§ **Try it**:
What is needed is a word-for-word restatement of all the entries.

§ **Provided data**:
__________________________________________________
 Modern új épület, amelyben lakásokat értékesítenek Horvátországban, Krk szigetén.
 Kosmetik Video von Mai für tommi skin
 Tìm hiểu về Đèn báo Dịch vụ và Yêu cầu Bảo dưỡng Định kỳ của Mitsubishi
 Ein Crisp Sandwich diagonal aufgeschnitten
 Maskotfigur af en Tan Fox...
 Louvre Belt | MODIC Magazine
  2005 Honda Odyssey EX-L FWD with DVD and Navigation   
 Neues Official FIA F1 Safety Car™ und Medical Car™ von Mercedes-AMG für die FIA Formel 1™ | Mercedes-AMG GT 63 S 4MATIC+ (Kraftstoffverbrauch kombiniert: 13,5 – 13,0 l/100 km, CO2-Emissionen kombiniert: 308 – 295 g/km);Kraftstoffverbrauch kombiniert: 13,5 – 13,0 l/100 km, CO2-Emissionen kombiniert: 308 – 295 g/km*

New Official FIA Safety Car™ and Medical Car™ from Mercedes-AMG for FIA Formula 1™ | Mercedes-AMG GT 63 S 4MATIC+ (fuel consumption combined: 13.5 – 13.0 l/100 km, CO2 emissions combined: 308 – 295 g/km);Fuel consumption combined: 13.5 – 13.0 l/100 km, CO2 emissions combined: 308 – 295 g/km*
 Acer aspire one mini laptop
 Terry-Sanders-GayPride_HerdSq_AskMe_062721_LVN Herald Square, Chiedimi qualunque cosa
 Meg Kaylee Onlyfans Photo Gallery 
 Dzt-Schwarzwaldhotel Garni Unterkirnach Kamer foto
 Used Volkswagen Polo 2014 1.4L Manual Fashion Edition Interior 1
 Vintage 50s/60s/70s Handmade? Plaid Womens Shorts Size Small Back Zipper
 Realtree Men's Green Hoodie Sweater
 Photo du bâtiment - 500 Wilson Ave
__________________________________________________
§ **Solution**:
 Modern új épület, amelyben lakásokat értékesítenek Horvátországban, Krk szigetén.
 Kosmetik Video von Mai für tommi skin
 Tìm hiểu về Đèn báo Dịch vụ và Yêu cầu Bảo dưỡng Định kỳ của Mitsubishi
 Ein Crisp Sandwich diagonal aufgeschnitten
 Maskotfigur af en Tan Fox...
 Louvre Belt | MODIC Magazine
  2005 Honda Odyssey EX-L FWD with DVD and Navigation   
 Neues Official FIA F1 Safety Car™ und Medical Car™ von Mercedes-AMG für die FIA Formel 1™ | Mercedes-AMG GT 63 S 4MATIC+ (Kraftstoffverbrauch kombiniert: 13,5 – 13,0 l/100 km, CO2-Emissionen kombiniert: 308 – 295 g/km);Kraftstoffverbrauch kombiniert: 13,5 – 13,0 l/100 km, CO2-Emissionen kombiniert: 308 – 295 g/km*

New Official FIA Safety Car™ and Medical Car™ from Mercedes-AMG for FIA Formula 1™ | Mercedes-AMG GT 63 S 4MATIC+ (fuel consumption combined: 13.5 – 13.0 l/100 km, CO2 emissions combined: 308 – 295 g/km);Fuel consumption combined: 13.5 – 13.0 l/100 km, CO2 emissions combined: 308 – 295 g/km*
 Acer aspire one mini laptop
 Terry-Sanders-GayPride_HerdSq_AskMe_062721_LVN Herald Square, Chiedimi qualunque cosa
 Meg Kaylee Onlyfans Photo Gallery 
 Dzt-Schwarzwaldhotel Garni Unterkirnach Kamer foto
 Used Volkswagen Polo 2014 1.4L Manual Fashion Edition Interior 1
 Vintage 50s/60s/70s Handmade? Plaid Womens Shorts Size Small Back Zipper
 Realtree Men's Green Hoodie Sweater
 Photo du bâtiment - 500 Wilson Ave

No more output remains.